# ClusterFinTwit
## Grouping financial Twitter accounts using topic analysis 
(and, failing that, by any means necessary)

### Druce Vertes
### Metis Data Science Bootcamp
### November 16, 2018


# Source Data:

![streeteye.png](streeteye.png)

# Source Data:
- Panel of ~600 Financial Twitter Screen Names

- Identify and follow most influential people who frequently share financial news

- Studied 250,000 URLs shared October 2017-mid-November 2018

- Financial journalists

- Professional pundits

- Finance pros who position themselves as experts

- Academics

# Motivation
![recommend.png](recommend.png)

# Motivation:
- Recommend people to follow on Twitter 
    - Problem: Discovering users to follow on Twitter is hard
    - Solution: Understand how often users tweet on different topics
    - Benefits: Better recommendations, clarity on why to follow: This person's website is AbnormalReturns.com, other websites they tweet, how many times a day they tweet on what topics by percentage

- Improve ability to organize news by topic (Asia or crypto page/filter)

- Understand FinTwit structure

- Cool visuals and viral blog post

# Methodology

1) Preprocess headlines of stories they share (not actual tweets)

2) Lemmatize

3) Tokenize common ngrams

4) Model & cluster topics

5) Model & cluster users

6) Visualize

# 1. Preprocess

- Problem: u.k. -> 'u' , 'k' -> 💨

- Problem: 's&p 500', 's & p 500', 's. & p. 500', 's and p 500' -> 's' , 'p' -> 💨 

- Problem: 'the fed' -> 'feed' 💩

- Solution: 'u_k', 's_p_500', 'the_fed' 👍🏻

# 2. Lemmatize

- 'Allies' -> 'ally'
- 'Exploring' -> 'explore'
- Treat all variations of words the same for purpose of topic analysis

# 3. Tokenize ngrams (after lemmatizing)

- 'social' suggests one set of topics
- 'security' suggest another set of topics
- 'social security' suggests a third set of topics
- Combine into 'social_security'
- 300 common ngrams


# Ngrams
    (('associated', 'press'), 1966),
    (('attorney', 'general'), 431),
    (('bank', 'america'), 1014),
    (('bank', 'england'), 1594),
    (('barack', 'obama'), 253),
    (('basic', 'income'), 105),
    (('bbc', 'radio'), 264),
    (('ben', 'carson'), 1063),
    (('bernie', 'sander'), 5528),
    (('big', 'data'), 476),
    (('bill', 'gate'), 234),
    (('bond', 'market'), 1200),
    (('border', 'wall'), 112),
    (('central', 'bank'), 6407),
    (('charge', 'with'), 251),
    (('chief', 'executive'), 3278),
    (('chris', 'christie'), 1023),
    (('climate', 'change'), 2769),
    (('climate', 'deal'), 112),
    (('credit', 'card'), 1356),
    (('credit', 'suisse'), 1345),

# Result: Corpus

    China’s Xi Jinping hits out at ‘law of the jungle’ trade policies
    UK business leaders call for ‘people’s vote’ on Brexit deal
    Theresa May to warn pro-Brexit ministers time is running out
    MGM Casino exploring Caesars merger: sources
    China Seeks Allies as Trump’s Trade War Mounts.

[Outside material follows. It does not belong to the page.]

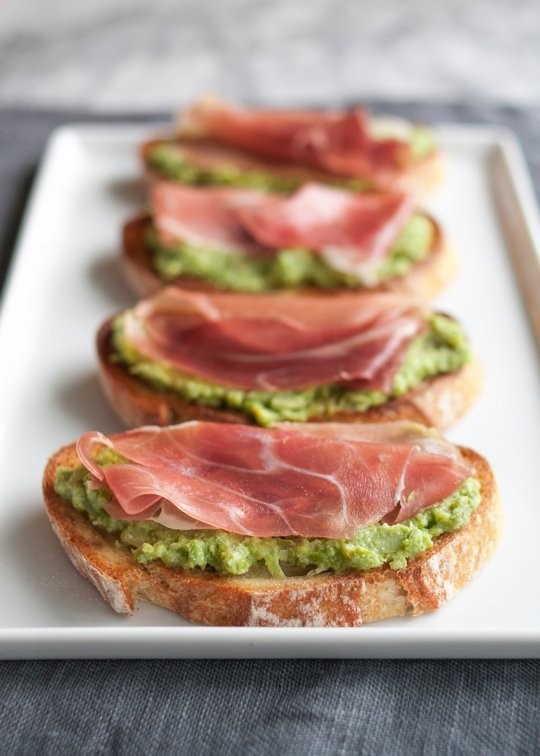 Asparagus & prosciutto crostini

It Won’t Be Easy.
    Wealthy Americans Assure Populace That Heavily Armed Floating City Being Built Above Nation Has Nothing To Do With Anything
    Fewer Stars to Rise at Goldman Sachs as Partnership Class Shrinks
    S&P 500 Earnings Season Update: November 2, 2018
    
    china xi jinping hit law jungle trade policy
    uk business leader call people vote brexit deal
    theresa_may warn pro brexit minister time run
    mgm casino explore caesar merger source
    china seek ally trump trade_war mount win easy
    wealthy american assure populace heavily arm float city build nation nothing anything
    star rise goldman_sachs partnership class shrink
    s_p_500 earnings season update november 2018


# 4. Topic analysis

- Train corpus on 80 Topics
    - LSI (Latent Semantic Indexing)
    - NMF (Non-negative Matrix Factorization)
    - LDA (Latent Dirichlet Allocation)
        - rejected - slow, poor results on short docs
- Word2Vec (300-vectors)
    - Initialized to Google News
    - Trained further using the headline corpus
    - Average vectors for each headline

## Start Word2vec training
![w2v1.png](w2v1.png)

## End Word2vec training
![w2v2.png](w2v2.png)

In [30]:
import pickle
import random

from sklearn.manifold import TSNE

import plotly as py
from plotly.offline import download_plotlyjs, init_notebook_mode, plot, iplot
from plotly.graph_objs import *
import plotly.figure_factory as ff
init_notebook_mode(connected=True)

pickle_list = pickle.load( open( "embeddings.pkl", "rb" ) )
embed_dict, embed_reverse, embeddings = pickle_list

chart_width=720
chart_height=580

def do_tsne(doc_vectors, perplexity=5):
    tsne = TSNE(perplexity=perplexity,
                n_components=2,
                init='pca',
                n_iter=5000)

    two_d_vectors = tsne.fit_transform(doc_vectors)
    return two_d_vectors

def headline_scatterplot(vectors, labels, clusters=None, title="", justlabels=False):
    if clusters is not None:
        clusterdict=dict(
            size=5,
            color = clusters,
            colorscale='Jet',
            showscale=True
        )
    else:
        clusterdict=dict(
            size=5,
            showscale=False
        )

    if justlabels:
        mode = 'text'
        hoverlabel = dict(
            bgcolor = '#FF99CC'
        )
    else:
        mode = 'markers'
        hoverlabel = dict(
            bgcolor = '#CCCCCC',
            font = dict(
                family='serif',
                size=16,
                color='#000000'
            )
        )

    trace = Scatter(
        x = vectors[:,0],
        y = vectors[:,1],
        text = labels,
        hoverinfo = 'text',
        hoverlabel= hoverlabel,
        mode = mode,
        textfont = dict(
            family='sans serif',
            size=10,
            color='#1f77b4'       
        ),
        marker=clusterdict
    )
    data = [trace]
    
    layout = Layout(
        title = title,
        height=chart_height,
        width=chart_width,
#        margin=dict(b=kwargs['bottom_margin']),
    )

    # Plot and embed in ipython notebook!
    iplot(Figure(data=data,layout=layout), filename='basic-scatter')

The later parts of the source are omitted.